*** Data excerpts Section Begins ***

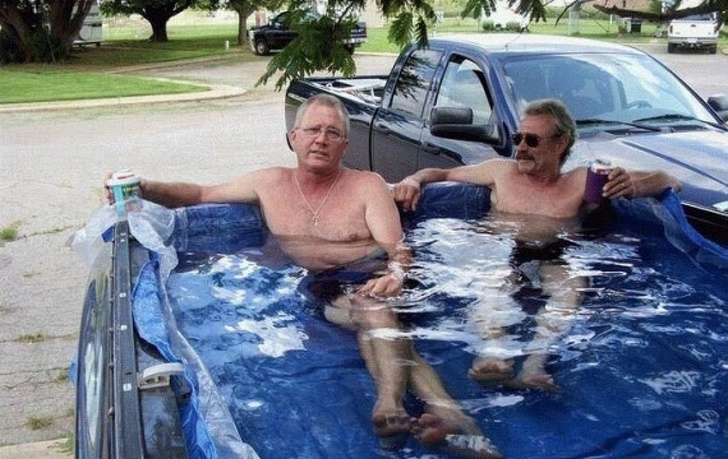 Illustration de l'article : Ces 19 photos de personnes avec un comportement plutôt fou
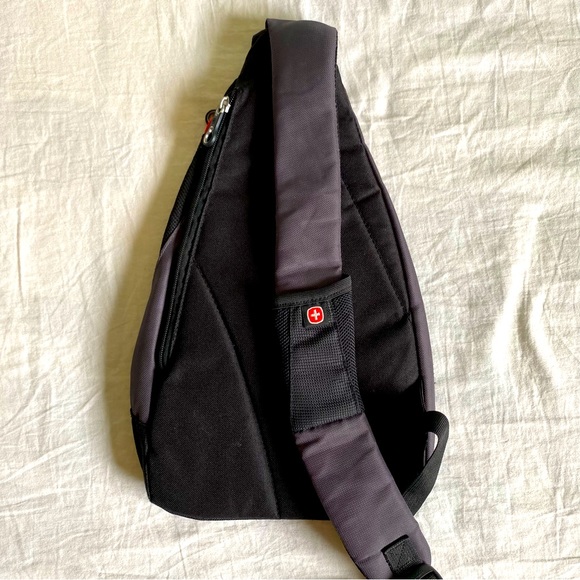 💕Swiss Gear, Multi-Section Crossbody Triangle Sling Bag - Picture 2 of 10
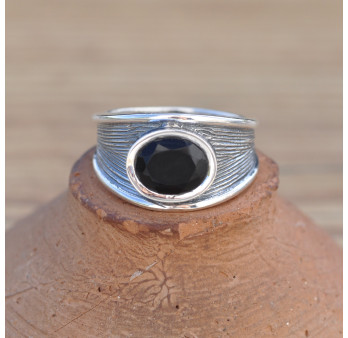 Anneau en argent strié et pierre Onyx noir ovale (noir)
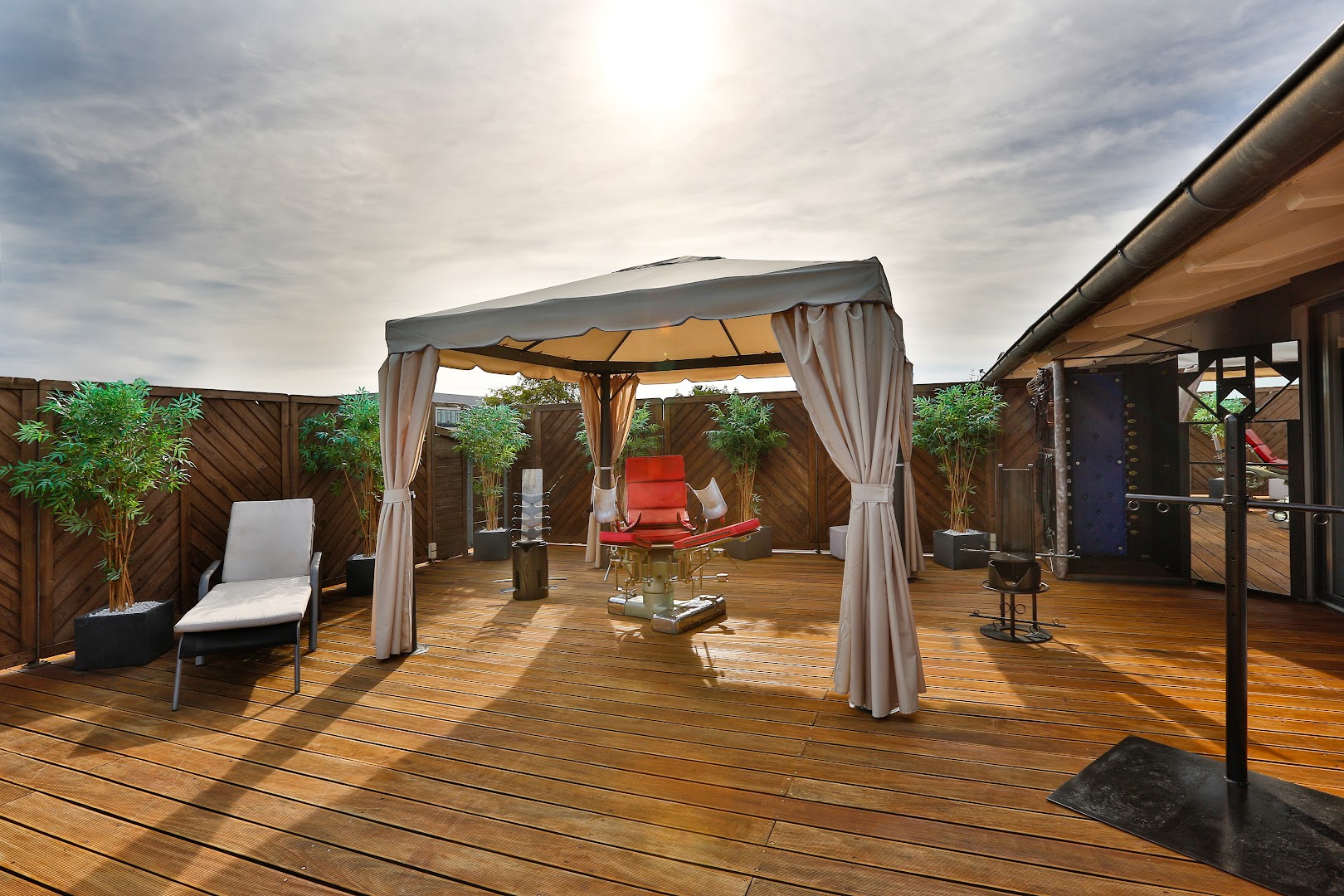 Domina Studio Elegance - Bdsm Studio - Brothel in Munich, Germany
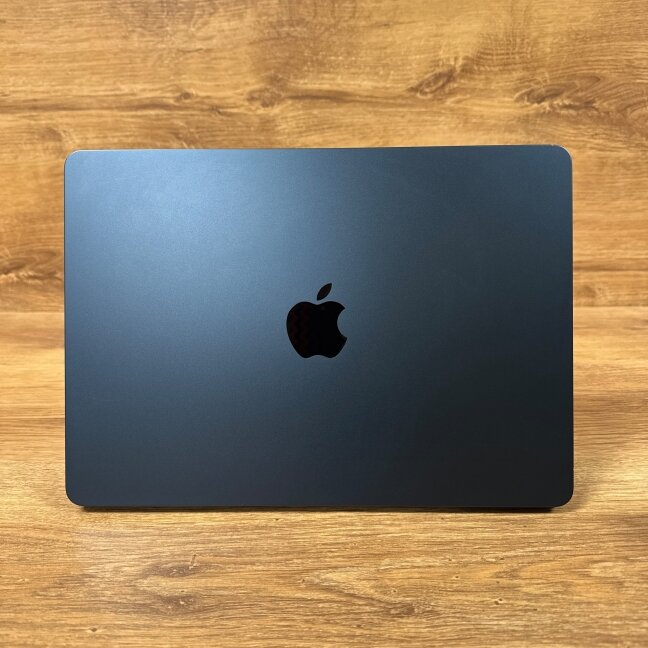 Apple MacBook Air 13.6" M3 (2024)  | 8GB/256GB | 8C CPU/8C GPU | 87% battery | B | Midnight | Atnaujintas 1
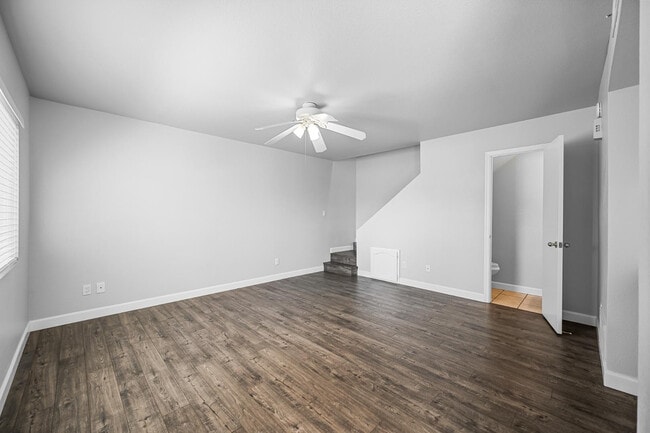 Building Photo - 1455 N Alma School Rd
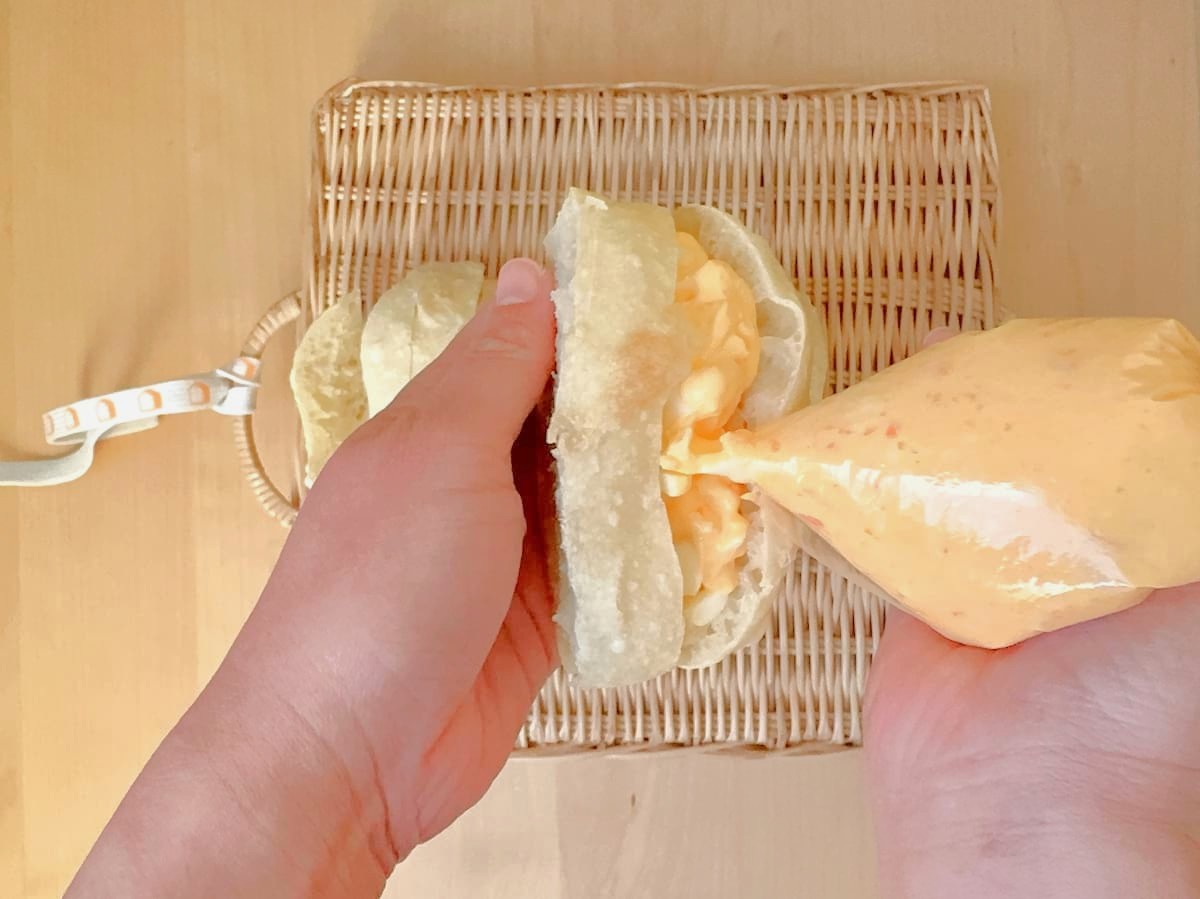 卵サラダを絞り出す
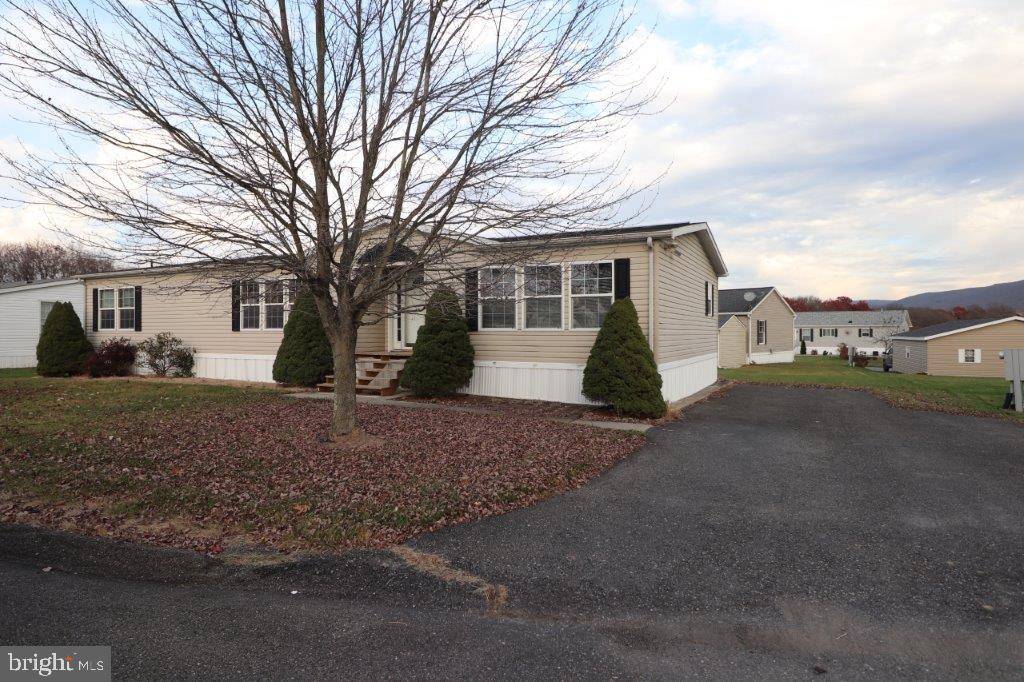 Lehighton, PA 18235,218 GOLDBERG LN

*** Data excerpts Section Ends ***

What you should do: This exercise calls for the records to be given again exactly, without the images.

Written reply:
 Illustration de l'article : Ces 19 photos de personnes avec un comportement plutôt fou
 💕Swiss Gear, Multi-Section Crossbody Triangle Sling Bag - Picture 2 of 10
 Anneau en argent strié et pierre Onyx noir ovale (noir)
 Domina Studio Elegance - Bdsm Studio - Brothel in Munich, Germany
 Apple MacBook Air 13.6" M3 (2024)  | 8GB/256GB | 8C CPU/8C GPU | 87% battery | B | Midnight | Atnaujintas 1
 Building Photo - 1455 N Alma School Rd
 卵サラダを絞り出す
 Lehighton, PA 18235,218 GOLDBERG LN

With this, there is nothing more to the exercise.